##### Dataset records #####

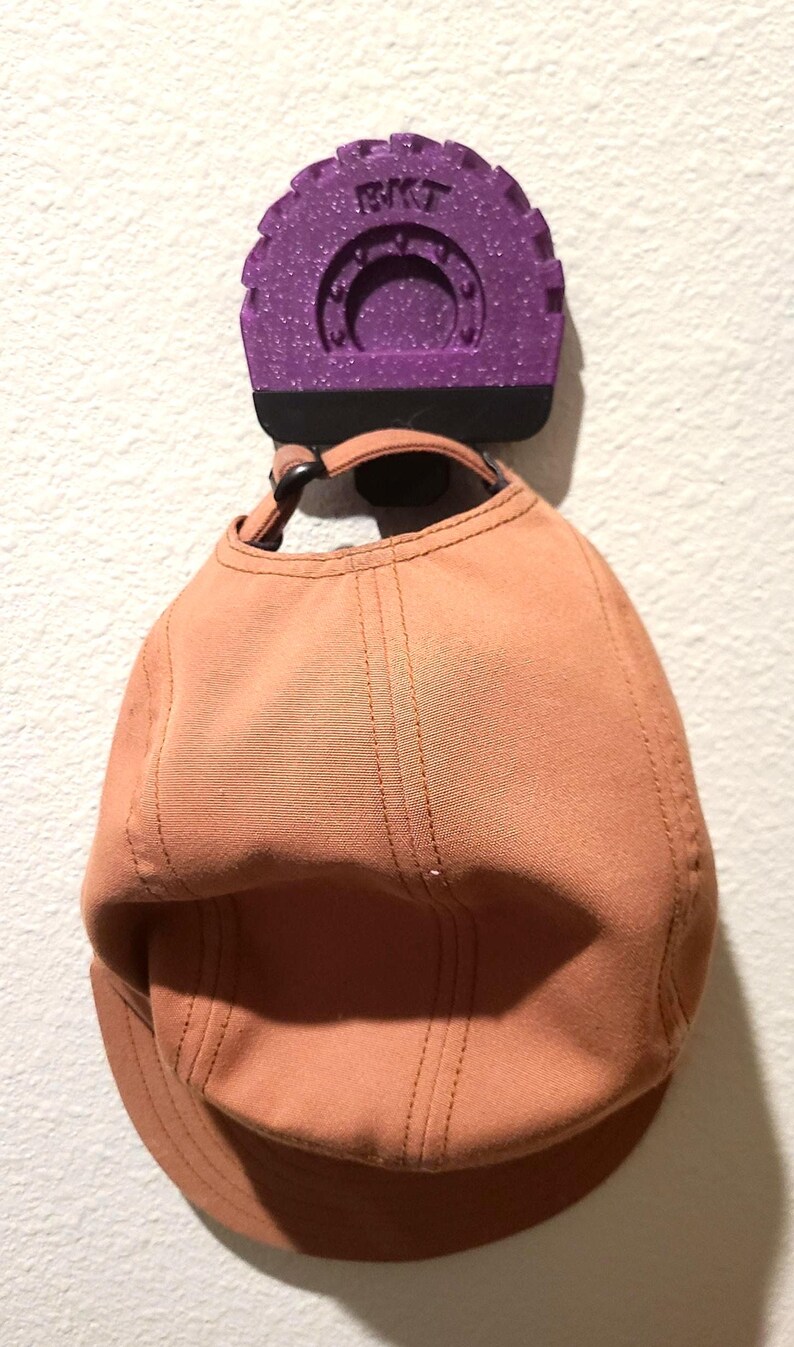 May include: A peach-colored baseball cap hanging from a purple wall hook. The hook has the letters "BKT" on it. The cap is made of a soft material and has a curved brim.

#####
##### Dataset records #####

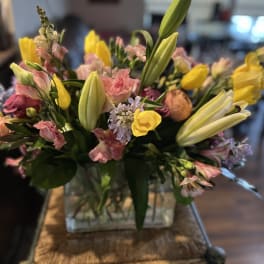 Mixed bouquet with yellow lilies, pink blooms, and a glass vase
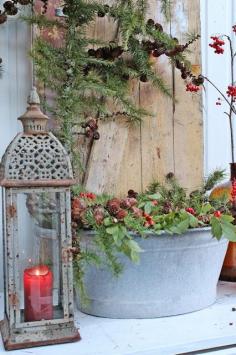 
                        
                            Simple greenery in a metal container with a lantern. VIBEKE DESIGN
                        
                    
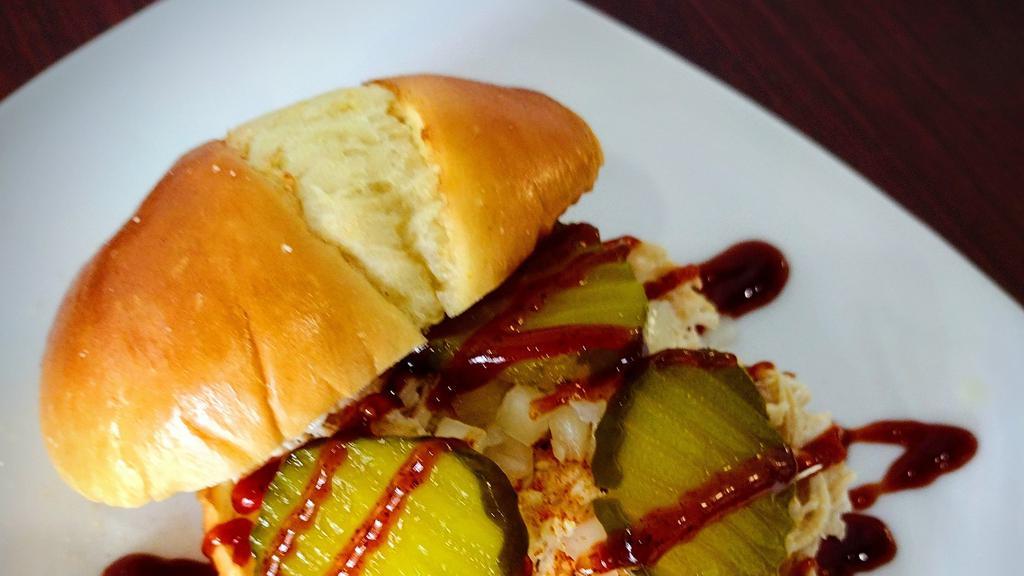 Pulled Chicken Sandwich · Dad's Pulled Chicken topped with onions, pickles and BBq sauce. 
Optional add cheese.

#####

## Instructions for the task
Above are some records. Output exactly the lines from the one that contains "Mixed bouquet with" to the one that contains "Optional add cheese.", keeping both, and omit the pictures.

## Result of the task
 Mixed bouquet with yellow lilies, pink blooms, and a glass vase
                        
                            Simple greenery in a metal container with a lantern. VIBEKE DESIGN
                        
                    
 Pulled Chicken Sandwich · Dad's Pulled Chicken topped with onions, pickles and BBq sauce. 
Optional add cheese.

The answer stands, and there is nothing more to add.